Светлый фон

В то же время осуществлялись и другие реформы, считавшиеся не менее неотложными. Революционные комитеты, учрежденные в самых крошечных селениях для исполнения инквизиторских обязанностей, были наиболее ненавистными из всех начинаний, приписываемых партии Робеспьера. Чтобы сделать их деятельность несколько менее обширной и не столь невыносимой, оставили лишь по одному комитету в каждом округе. В Париже число революционных комитетов было сведено с сорока восьми к двенадцати. Эти комитеты должны были состоять из двенадцати членов; чтобы вызвать кого-нибудь в комитет, требовались подписи по меньшей мере трех членов, а чтобы арестовать человека, приказ должен был быть подписан не менее чем семью членами. Революционные комитеты, как и правительственные, выбывали по четвертям ежемесячно.

К этим распоряжениям Конвент прибавил и другие: постановили, что секционные собрания будут происходить один раз в декаду, по декадным дням, и что выдача двух франков за заседание будет прекращена. Это должно было загнать демагогию в более тесные пределы, прекращались злоупотребления, достигшие в Париже безобразных масштабов. Дело в том, что каждая секция платила деньги тысяче двумстам членам, тогда как на заседании присутствовало не более трехсот. Присутствующие отвечали за отсутствующих, и эта взаимная услуга оказывалась поочередно.

Самой важной мерой стало очищение, как тогда говорили, личного состава всех местных властей – революционных комитетов, муниципалитетов и т. д. Это были прибежища самых ярых революционеров, сделавшихся в каждой местности тем же, чем Робеспьер, Сен-Жюст и Кутон были в Париже, и пользовавшихся своей властью со всей жестокостью мелких тиранов.
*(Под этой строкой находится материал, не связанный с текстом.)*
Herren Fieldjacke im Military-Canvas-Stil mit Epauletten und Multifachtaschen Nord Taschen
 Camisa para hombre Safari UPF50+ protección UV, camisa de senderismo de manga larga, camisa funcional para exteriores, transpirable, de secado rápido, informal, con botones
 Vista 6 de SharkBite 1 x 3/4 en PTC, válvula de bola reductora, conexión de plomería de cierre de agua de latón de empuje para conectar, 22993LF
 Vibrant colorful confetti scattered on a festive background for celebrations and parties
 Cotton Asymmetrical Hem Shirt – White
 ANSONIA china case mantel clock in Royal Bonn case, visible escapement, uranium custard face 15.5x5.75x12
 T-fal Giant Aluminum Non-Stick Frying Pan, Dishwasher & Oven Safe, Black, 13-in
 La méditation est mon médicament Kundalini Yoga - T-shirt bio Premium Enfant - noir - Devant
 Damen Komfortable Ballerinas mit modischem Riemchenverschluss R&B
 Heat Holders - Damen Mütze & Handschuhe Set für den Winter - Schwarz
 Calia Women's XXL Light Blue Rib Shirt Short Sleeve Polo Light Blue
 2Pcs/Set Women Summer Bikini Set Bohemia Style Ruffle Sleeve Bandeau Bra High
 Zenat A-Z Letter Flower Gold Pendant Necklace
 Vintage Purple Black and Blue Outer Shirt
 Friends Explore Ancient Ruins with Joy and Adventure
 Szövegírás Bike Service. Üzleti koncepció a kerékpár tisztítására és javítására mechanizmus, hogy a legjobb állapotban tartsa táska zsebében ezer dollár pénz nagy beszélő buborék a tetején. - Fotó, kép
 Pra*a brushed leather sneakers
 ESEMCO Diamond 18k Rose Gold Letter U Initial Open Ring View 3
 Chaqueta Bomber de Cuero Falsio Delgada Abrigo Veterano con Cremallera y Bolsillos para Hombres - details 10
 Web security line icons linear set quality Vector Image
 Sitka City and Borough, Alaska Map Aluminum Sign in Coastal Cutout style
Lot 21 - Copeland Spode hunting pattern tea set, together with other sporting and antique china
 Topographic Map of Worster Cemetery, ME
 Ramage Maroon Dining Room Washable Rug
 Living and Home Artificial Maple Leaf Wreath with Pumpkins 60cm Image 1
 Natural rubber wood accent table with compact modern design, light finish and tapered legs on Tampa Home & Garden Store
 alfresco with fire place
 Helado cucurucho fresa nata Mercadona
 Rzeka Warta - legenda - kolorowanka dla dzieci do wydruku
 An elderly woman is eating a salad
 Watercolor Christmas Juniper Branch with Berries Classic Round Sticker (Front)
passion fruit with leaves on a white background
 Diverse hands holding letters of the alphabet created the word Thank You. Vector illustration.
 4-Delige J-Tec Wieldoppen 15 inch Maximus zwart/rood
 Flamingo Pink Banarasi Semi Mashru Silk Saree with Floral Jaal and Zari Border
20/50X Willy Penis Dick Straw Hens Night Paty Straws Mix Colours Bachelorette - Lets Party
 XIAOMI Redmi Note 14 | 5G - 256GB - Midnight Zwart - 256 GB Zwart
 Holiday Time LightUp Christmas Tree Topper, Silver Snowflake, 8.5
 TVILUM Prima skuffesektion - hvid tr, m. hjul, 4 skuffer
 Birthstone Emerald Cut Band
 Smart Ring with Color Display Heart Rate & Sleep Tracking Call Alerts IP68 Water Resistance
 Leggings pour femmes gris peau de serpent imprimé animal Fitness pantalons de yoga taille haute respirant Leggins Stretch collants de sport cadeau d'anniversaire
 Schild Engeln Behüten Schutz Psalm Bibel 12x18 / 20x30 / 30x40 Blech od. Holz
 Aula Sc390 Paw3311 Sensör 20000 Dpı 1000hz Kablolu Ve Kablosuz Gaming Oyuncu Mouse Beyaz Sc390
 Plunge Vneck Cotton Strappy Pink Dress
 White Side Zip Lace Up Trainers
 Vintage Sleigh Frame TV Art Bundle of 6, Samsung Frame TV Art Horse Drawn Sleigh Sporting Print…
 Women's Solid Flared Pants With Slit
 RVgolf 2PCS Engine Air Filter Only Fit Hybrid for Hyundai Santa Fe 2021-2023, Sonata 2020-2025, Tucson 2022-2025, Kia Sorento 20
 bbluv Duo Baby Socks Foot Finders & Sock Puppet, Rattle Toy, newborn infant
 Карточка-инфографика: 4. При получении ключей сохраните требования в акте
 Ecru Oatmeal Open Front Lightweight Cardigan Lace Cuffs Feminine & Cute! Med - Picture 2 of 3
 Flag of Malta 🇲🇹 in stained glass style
Конвент поручил депутатам, находившимся в командировках, очистить состав администраций по всей Франции. Это было единственным средством обеспечить возможность выборов местной власти, а также избегнуть враждебного столкновения двух партий, озлобленных друг против друга.

Наконец, возобновил свою деятельность недавно остановленный Революционный трибунал. Так как судьи и присяжные были назначены еще не все, то те, кто уже присутствовал, должны были немедленно вступить в должности и судить по законам, существовавшим до закона 22 прериаля. Эти законы еще были очень суровы; но люди, выбранные для их применения, и податливость, с которой всякое судебное учреждение следует направлению, сообщаемому ему правительством, в достаточной степени ручались, что не будет новых жестокостей.

 

Все эти реформы были совершены в конце августа (между 1 и 15 фрюктидора). Оставалось возобновить еще один важный институт: свободу печати. Ни в одном законе ей не предписывалось границ; она даже безусловно признавалась в Декларации прав; однако на деле свобода печати подвергалась при терроре наибольшим гонениям. Так как одно неосторожное слово могло стоить головы, то кто мог осмелиться писать?.. Участь бедного Камилла Демулена достаточно ясно показывает, каково было положение печати в ту эпоху. Дюран де Майян, бывший член Учредительного собрания, одна из тех робких личностей, которые совершенно стушевались во времена бурь, свирепствовавших в Конвенте, предложил теперь вновь, формально, гарантировать свободу печати. «Мы не могли раскрыть рта в этой зале, – сказал этот превосходный человек своим товарищам, – не подвергаясь поруганиям и угрозам. Если вы хотите знать наше мнение в будущих прениях, если хотите, чтобы мы могли содействовать нашими знаниями общему делу, то нужно дать новые гарантии тем, кто захочет говорить или писать».